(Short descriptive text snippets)
━━━━━━

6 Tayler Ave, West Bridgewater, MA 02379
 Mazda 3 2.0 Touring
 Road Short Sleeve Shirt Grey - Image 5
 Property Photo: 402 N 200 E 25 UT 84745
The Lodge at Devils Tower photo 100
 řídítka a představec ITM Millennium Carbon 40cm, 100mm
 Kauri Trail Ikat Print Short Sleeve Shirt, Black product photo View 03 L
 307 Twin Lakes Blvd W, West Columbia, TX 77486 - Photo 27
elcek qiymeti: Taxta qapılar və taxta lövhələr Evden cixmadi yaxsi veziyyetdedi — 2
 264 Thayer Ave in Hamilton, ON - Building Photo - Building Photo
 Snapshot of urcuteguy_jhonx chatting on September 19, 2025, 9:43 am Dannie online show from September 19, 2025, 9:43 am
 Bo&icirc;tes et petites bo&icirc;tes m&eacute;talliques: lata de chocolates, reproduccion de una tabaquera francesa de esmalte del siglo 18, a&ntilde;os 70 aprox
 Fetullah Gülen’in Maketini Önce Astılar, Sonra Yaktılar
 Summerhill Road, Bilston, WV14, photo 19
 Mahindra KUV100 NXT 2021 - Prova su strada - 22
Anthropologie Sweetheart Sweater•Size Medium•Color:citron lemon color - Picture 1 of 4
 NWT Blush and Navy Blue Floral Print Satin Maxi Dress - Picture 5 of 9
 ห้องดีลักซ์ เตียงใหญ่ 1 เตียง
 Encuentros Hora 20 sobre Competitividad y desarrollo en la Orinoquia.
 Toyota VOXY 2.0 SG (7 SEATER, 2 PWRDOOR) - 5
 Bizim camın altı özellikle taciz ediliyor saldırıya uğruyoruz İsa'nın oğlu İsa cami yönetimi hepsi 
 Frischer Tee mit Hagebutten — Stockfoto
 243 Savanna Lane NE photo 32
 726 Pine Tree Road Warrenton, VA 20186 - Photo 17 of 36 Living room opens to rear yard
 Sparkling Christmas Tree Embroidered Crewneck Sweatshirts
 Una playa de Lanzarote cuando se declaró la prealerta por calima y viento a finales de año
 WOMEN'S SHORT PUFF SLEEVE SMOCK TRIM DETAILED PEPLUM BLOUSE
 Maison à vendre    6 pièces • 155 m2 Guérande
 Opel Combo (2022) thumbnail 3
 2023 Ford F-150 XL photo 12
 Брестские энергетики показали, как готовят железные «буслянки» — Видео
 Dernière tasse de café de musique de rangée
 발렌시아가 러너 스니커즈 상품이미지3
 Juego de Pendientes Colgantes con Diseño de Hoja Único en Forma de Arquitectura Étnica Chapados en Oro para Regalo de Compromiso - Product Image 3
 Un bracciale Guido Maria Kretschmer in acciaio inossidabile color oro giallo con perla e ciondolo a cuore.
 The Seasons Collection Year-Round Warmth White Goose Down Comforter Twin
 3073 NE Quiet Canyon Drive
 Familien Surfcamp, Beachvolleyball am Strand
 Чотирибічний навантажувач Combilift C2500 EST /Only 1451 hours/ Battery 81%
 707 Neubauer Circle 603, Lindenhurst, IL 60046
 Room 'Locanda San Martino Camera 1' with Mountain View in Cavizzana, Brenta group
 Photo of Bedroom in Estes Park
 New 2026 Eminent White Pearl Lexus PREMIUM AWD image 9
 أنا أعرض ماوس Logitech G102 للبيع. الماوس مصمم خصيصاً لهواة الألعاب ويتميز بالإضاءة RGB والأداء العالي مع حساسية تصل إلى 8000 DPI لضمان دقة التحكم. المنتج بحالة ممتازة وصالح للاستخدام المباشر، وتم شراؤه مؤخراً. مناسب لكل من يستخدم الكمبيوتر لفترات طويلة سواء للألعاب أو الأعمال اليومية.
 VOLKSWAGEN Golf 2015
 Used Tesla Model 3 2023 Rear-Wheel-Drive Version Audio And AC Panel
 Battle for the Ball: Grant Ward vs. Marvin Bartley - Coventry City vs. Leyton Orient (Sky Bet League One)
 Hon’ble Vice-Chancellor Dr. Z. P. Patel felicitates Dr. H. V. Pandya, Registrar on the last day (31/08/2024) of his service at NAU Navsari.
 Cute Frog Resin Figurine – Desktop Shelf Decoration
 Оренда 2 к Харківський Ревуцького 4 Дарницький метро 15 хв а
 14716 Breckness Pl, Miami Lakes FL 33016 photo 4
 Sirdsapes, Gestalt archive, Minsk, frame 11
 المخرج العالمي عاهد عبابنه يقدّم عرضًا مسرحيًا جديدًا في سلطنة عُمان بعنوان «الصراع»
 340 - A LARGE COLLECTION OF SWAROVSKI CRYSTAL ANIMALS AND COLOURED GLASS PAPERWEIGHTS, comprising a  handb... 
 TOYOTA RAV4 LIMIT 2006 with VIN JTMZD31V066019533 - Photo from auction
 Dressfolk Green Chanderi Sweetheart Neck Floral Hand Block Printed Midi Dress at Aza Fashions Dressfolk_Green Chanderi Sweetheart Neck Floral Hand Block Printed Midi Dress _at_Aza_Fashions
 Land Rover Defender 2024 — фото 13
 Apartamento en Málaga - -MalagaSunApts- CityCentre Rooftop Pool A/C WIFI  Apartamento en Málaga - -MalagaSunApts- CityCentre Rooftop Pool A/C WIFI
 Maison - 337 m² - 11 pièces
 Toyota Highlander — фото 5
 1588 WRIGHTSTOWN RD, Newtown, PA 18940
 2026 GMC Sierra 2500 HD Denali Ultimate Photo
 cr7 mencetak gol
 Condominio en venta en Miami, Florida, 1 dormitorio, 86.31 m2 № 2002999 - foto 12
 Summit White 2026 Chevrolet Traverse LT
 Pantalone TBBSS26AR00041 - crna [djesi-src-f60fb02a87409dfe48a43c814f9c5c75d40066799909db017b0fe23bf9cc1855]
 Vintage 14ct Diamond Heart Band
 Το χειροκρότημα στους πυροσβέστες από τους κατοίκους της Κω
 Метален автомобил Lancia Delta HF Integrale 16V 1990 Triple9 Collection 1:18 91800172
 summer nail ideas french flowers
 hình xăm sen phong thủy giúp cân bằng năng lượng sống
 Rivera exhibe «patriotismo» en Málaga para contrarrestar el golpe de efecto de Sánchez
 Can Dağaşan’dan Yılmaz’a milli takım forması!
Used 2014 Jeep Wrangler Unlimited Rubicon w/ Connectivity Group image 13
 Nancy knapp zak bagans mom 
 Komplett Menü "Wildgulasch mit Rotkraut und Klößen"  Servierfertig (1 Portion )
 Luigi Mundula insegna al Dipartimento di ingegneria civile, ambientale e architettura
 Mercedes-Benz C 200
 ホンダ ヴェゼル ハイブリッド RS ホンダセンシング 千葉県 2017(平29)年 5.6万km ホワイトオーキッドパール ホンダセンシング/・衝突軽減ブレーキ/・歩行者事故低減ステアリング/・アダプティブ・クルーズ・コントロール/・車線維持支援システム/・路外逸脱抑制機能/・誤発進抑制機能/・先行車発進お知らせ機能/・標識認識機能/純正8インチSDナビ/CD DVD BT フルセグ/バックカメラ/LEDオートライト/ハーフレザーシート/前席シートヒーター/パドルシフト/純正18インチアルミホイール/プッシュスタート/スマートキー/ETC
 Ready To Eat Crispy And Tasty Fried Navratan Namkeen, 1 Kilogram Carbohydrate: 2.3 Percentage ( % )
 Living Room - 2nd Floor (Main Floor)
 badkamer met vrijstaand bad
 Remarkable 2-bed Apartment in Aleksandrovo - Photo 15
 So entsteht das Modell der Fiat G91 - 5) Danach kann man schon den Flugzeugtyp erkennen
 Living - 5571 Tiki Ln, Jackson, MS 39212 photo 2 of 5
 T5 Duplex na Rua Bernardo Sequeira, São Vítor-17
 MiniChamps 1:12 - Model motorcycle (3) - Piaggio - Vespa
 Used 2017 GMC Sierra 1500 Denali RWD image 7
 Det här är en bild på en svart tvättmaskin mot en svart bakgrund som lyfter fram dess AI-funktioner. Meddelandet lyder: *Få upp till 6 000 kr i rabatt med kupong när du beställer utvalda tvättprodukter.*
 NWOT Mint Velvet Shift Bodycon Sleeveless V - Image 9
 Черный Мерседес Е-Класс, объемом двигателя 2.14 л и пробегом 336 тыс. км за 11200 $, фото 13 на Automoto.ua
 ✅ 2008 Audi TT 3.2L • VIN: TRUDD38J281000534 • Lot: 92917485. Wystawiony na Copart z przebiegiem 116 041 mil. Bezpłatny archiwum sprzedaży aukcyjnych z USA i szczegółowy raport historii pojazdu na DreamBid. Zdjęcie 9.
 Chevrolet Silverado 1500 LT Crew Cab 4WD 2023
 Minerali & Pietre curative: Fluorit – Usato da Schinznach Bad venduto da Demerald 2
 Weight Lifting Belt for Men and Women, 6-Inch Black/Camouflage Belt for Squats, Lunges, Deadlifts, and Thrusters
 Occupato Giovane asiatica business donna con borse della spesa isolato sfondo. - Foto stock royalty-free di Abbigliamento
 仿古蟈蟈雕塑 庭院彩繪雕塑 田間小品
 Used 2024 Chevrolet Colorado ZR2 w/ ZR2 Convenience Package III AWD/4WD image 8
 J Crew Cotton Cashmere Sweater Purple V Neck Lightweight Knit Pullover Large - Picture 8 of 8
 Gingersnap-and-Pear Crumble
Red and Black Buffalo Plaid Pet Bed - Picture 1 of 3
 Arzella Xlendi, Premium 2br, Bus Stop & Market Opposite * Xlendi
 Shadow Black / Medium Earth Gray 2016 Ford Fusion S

━━━━━━

▶ What the task requires:
The range runs from the line above containing "(1 Portion )" to the line containing "Chevrolet Silverado 1500", inclusive. Restate those lines word for word and no others.

▶ Reply:
 Komplett Menü "Wildgulasch mit Rotkraut und Klößen"  Servierfertig (1 Portion )
 Luigi Mundula insegna al Dipartimento di ingegneria civile, ambientale e architettura
 Mercedes-Benz C 200
 ホンダ ヴェゼル ハイブリッド RS ホンダセンシング 千葉県 2017(平29)年 5.6万km ホワイトオーキッドパール ホンダセンシング/・衝突軽減ブレーキ/・歩行者事故低減ステアリング/・アダプティブ・クルーズ・コントロール/・車線維持支援システム/・路外逸脱抑制機能/・誤発進抑制機能/・先行車発進お知らせ機能/・標識認識機能/純正8インチSDナビ/CD DVD BT フルセグ/バックカメラ/LEDオートライト/ハーフレザーシート/前席シートヒーター/パドルシフト/純正18インチアルミホイール/プッシュスタート/スマートキー/ETC
 Ready To Eat Crispy And Tasty Fried Navratan Namkeen, 1 Kilogram Carbohydrate: 2.3 Percentage ( % )
 Living Room - 2nd Floor (Main Floor)
 badkamer met vrijstaand bad
 Remarkable 2-bed Apartment in Aleksandrovo - Photo 15
 So entsteht das Modell der Fiat G91 - 5) Danach kann man schon den Flugzeugtyp erkennen
 Living - 5571 Tiki Ln, Jackson, MS 39212 photo 2 of 5
 T5 Duplex na Rua Bernardo Sequeira, São Vítor-17
 MiniChamps 1:12 - Model motorcycle (3) - Piaggio - Vespa
 Used 2017 GMC Sierra 1500 Denali RWD image 7
 Det här är en bild på en svart tvättmaskin mot en svart bakgrund som lyfter fram dess AI-funktioner. Meddelandet lyder: *Få upp till 6 000 kr i rabatt med kupong när du beställer utvalda tvättprodukter.*
 NWOT Mint Velvet Shift Bodycon Sleeveless V - Image 9
 Черный Мерседес Е-Класс, объемом двигателя 2.14 л и пробегом 336 тыс. км за 11200 $, фото 13 на Automoto.ua
 ✅ 2008 Audi TT 3.2L • VIN: TRUDD38J281000534 • Lot: 92917485. Wystawiony na Copart z przebiegiem 116 041 mil. Bezpłatny archiwum sprzedaży aukcyjnych z USA i szczegółowy raport historii pojazdu na DreamBid. Zdjęcie 9.
 Chevrolet Silverado 1500 LT Crew Cab 4WD 2023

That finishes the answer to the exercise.